Excess renewable energy can be utilized to produce hydrogen to overcome the intermittency of wind and solar power. However, a lack of hydrogen storage solutions continues to be a barrier to widescale implementation of a renewable energy-to-hydrogen conversion. Salt caverns are feasible geostorage solutions but are geographically restricted. There is, however, abundant pore space in sedimentary basins across all fifty states that can serve as storage targets for hydrogen, but the fundamental science needed to quantify storage potential, geochemical reactivity, and hydrogen transport is missing. This work helps develop a fundamental understanding of hydrogen reactivity, specifically at subsurface conditions with pyrite, and provides a first step to enable diversifying the suite of possible hydrogen geo-storage sites across the US.

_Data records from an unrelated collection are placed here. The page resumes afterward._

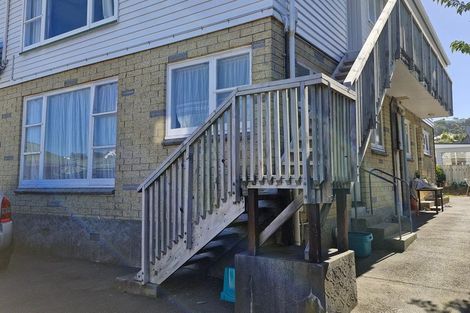 Photo of property in 23u3 Trafalgar Street, Johnsonville, Wellington, 6037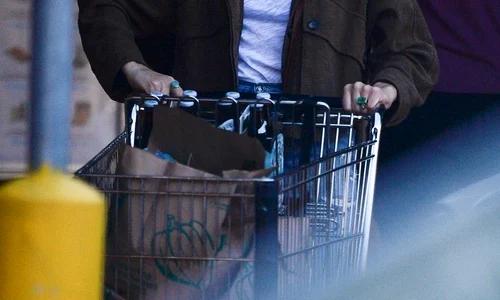 1 profimedia 0496007104 jpg jpeg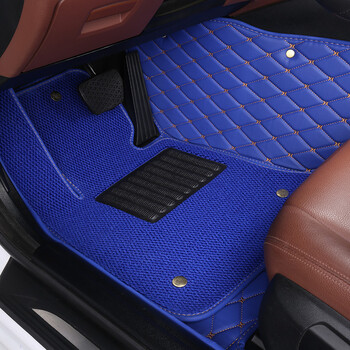 鑫洋达 一汽丰田新皇冠卡罗拉双擎RAV4锐志广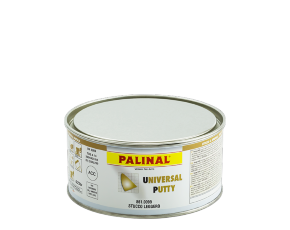 Шпатлевка PALINAL LIGHT лёгкая 861.00991  0,75л /8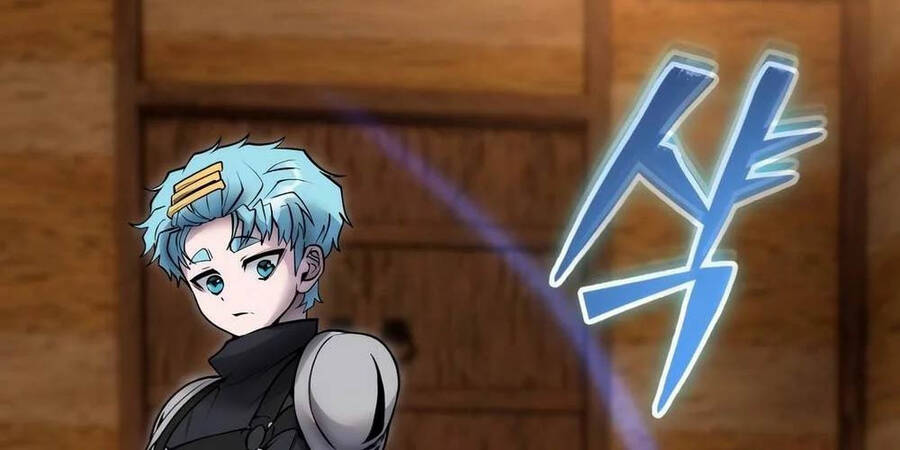 Tôi Mạnh Hơn Anh Hùng Chapter 52 - Trang 2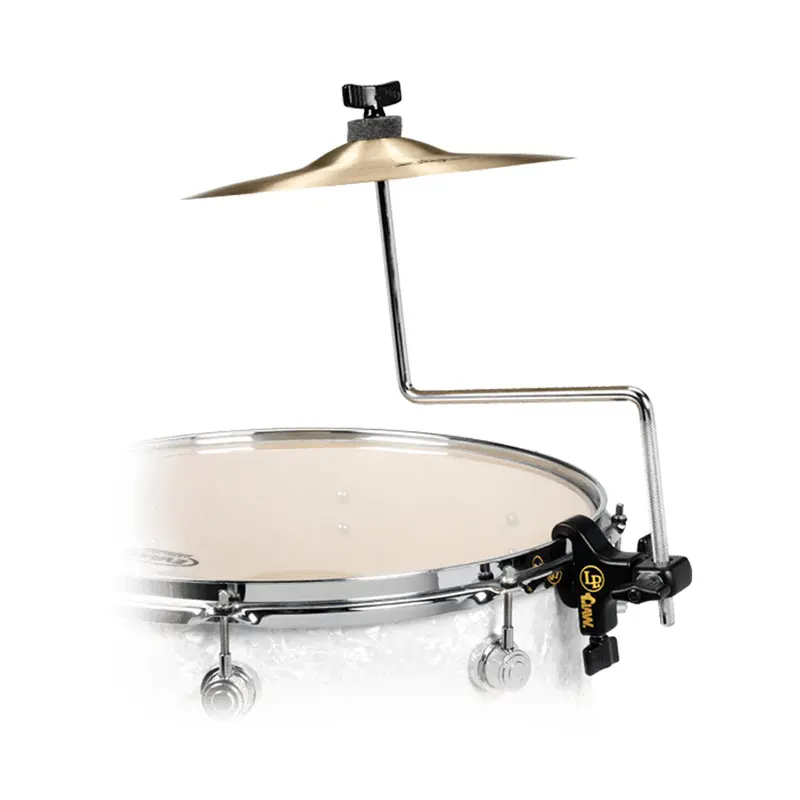 LP Claw With Splash Mount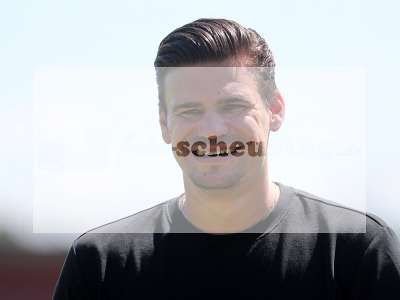 Bild-ID: 1006334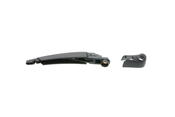 MINI Wiper Arm - Vaico 61622754287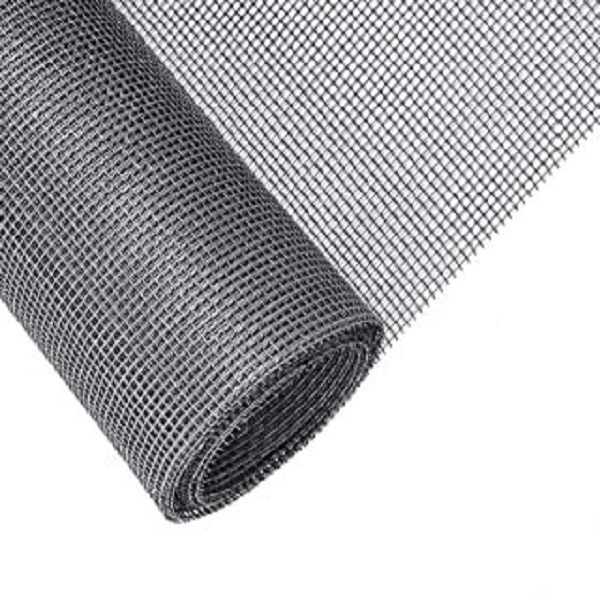 MOUSTIQUAIRE ALUMINIUM RLX 120X250CM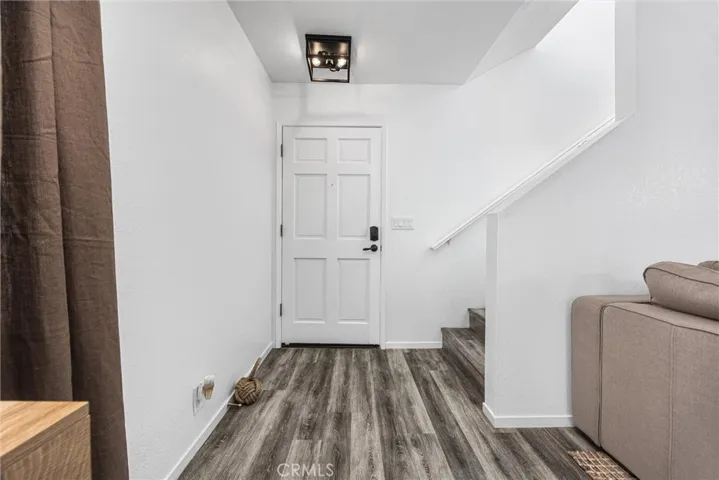 1955 Capistrano Court, Grover Beach, California 93433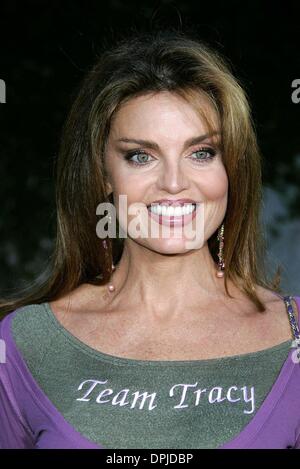 Le 27 décembre 2005 - Hollywood, Los Angeles, USA - TRACY SCOGGINS.ACTRICE.LE VÔTRE, le mien et le nôtre, PREMIÈRE MONDIALE DE CINERAMA DOME., Hollywood, Los Angeles, USA.20-Nov-05.LAP.61100 : Crédit - K46303(Image : © Crédit Photos Globe/ZUMAPRESS.com) Banque D'Images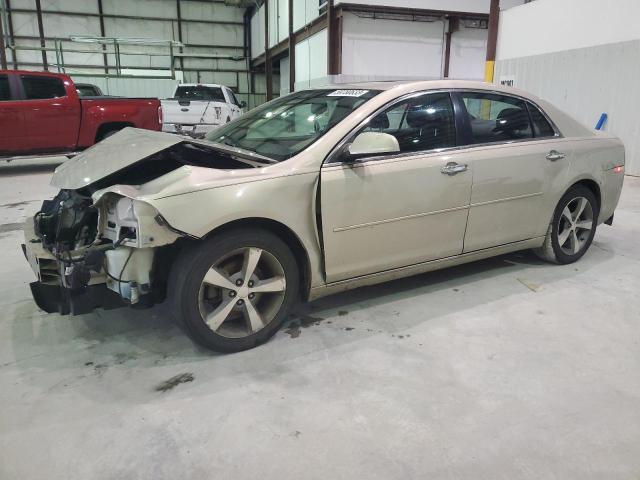 CHEVROLET MALIBU 1LT 2012 1g1zc5e04cf212513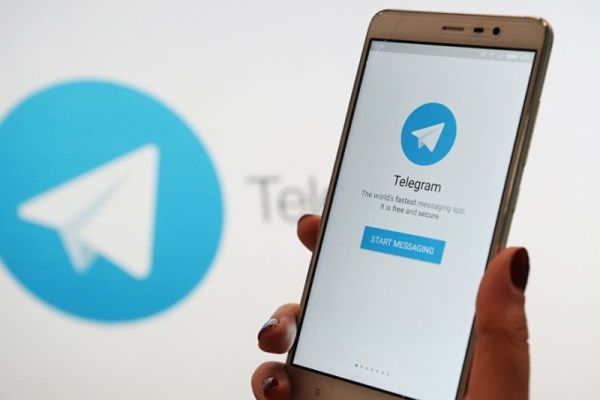telegram-da-geocatlar-yaradilib
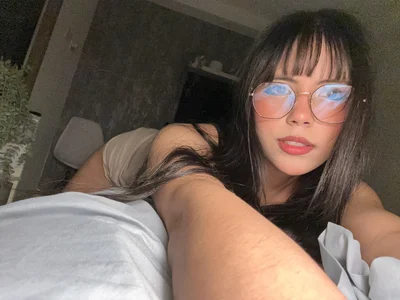 __Alisson_: Hi ( 3 фото)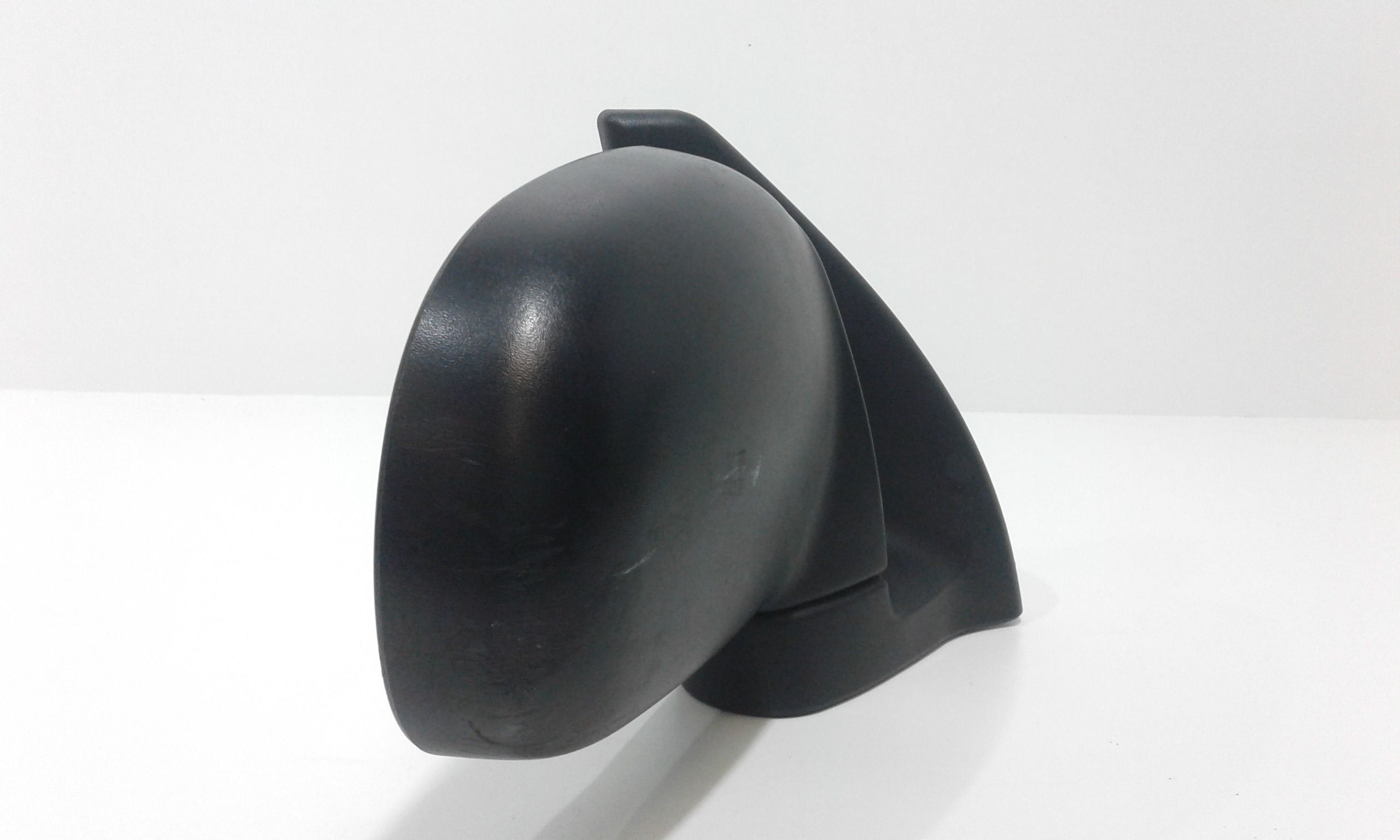 Retrovisore Est. Destro Usato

In this paper, we investigate the computational modeling of hydrogen and pyrite reactions. The calculations are set at standard temperatures of 25C, and we explore a range of pressures relevant to underground storage. We first use density functional theory (DFT) to optimize the ground state of the reactants and reaction products. With the known ground-states, we use Quantum-mechanical (QM) methods to describe the chemical reactions and other processes, such as charge transfer. By progressively repeating the simulation runs at various pressures, we were able to develop the reaction envelop for hydrogen-pyrite interactions.

The modeling results provide a molecular picture of hydrogen-pyrite interactions. The dissociation of the hydrogen molecule in the presence of Fe atoms leads to the formation of H2-FeS2 transition state and subsequent formation of pyrrhotite along with HS- and H2S byproducts. More importantly, we can provide the reaction conditions (pressure and temperature envelope) under which the hydrogen-pyrite reactions occur. This study helps develop a fundamental understanding of hydrogen reactivity with natural geo-materials like pyrite and can therefore provide suitable conditions under which hydrogen leakage can occur because of pyrite interacting with pumped hydrogen.

The topic of carbon dioxide interactions in subsurface environments has garnered decades of attention, but these results cannot be directly applied to hydrogen, given its smaller diameter and high reactivity. This work provides a fundamental first-look at operational parameters (such as pressure and temperature) that govern hydrogen-pyrite reactions. The workflow described here can easily be generalized to more complex systems to provide screening criteria for geostorage target selection.